# Getting the USB 3 ports to work on AMD A85 chipset



## mrjayviper (Jul 25, 2017)

I have an AMD FM2 (A85x chipset). It has 2 USB3 ports at the back. I inserted 2 USB3-cable sticks on these ports. 1 is an empty stick while the other one contains FreeBSD installer.

I was able to successfully install FreeBSD on the empty stick using normal partition (i.e. not using auto ZFS). When I try to boot from the the newly installed FreeBSD (installer stick has been removed at this point), it won't let me. I can't remember the exact error message (I can get this later).

It sorts of boot since I get the FreeBSD "opening" screen but when the booting process continues, it just stops. Like it cannot mount the partitions.

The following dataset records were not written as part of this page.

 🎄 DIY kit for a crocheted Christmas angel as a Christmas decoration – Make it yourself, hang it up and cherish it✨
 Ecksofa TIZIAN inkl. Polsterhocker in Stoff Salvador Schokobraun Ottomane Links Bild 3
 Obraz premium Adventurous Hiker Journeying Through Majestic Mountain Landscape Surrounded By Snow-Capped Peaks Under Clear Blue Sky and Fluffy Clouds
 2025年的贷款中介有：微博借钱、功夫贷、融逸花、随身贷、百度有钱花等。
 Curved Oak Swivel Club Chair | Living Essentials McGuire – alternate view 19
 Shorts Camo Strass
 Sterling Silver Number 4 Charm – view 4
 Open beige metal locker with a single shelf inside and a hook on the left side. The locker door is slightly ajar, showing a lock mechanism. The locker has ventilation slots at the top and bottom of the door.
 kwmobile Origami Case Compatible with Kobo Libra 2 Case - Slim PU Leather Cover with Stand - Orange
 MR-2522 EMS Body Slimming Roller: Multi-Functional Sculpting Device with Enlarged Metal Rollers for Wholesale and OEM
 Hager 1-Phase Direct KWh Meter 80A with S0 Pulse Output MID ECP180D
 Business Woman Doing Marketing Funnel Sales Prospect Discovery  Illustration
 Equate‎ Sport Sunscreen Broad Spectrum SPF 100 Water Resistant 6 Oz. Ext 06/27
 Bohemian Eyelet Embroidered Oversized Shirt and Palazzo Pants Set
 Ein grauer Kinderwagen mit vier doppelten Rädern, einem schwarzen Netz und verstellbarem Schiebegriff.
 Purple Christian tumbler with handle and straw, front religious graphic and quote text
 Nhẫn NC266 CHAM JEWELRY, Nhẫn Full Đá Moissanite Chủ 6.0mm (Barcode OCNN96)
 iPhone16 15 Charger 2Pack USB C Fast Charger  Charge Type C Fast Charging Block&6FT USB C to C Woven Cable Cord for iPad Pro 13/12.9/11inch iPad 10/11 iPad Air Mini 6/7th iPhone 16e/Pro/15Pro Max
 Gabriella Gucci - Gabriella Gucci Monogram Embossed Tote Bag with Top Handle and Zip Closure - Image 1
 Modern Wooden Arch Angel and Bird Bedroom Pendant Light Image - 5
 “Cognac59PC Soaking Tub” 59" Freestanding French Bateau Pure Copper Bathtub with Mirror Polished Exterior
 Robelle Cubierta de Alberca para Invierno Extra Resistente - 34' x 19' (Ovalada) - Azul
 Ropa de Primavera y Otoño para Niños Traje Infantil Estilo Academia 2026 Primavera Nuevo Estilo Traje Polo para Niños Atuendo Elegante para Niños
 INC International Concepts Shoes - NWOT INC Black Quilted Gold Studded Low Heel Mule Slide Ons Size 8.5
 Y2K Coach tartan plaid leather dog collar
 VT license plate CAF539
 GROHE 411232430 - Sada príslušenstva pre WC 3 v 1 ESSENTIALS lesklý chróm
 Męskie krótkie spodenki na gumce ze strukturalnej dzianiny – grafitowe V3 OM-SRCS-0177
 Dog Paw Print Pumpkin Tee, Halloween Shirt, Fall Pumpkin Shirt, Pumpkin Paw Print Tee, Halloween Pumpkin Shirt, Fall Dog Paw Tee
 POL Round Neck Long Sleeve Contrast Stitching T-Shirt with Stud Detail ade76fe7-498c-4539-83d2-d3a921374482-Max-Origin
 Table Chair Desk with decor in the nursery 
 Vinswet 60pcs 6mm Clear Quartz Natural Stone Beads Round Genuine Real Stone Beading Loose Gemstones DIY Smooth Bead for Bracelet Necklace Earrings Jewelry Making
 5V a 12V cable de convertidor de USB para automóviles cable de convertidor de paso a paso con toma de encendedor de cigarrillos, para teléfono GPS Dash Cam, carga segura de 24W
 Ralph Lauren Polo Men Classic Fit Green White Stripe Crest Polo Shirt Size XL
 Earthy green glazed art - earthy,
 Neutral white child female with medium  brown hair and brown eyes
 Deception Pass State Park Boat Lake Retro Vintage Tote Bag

Any ideas what I could be doing wrong? Thanks!


----------



## SirDice (Jul 28, 2017)

How to ask questions the smart way; Be precise and informative about your problem


----------



## mrjayviper (Aug 23, 2017)

Apologies for that. let me edit my first post.


----------



## SirDice (Aug 23, 2017)

mrjayviper said:


> It sorts of boot since I get the FreeBSD "opening" screen but when the booting process continues, it just stops. Like it cannot mount the partitions.
> Any ideas what I could be doing wrong?


USB sticks tend to "move" around with their designations if you add/remove a stick. So you may have installed to ad1 but when you removed the installer stick it became ad0 and so the system can't find ad1 anymore. The solution is to use labels instead of hard-coded references to disks/partitions.

http://www.wonkity.com/~wblock/docs/html/labels.html


----------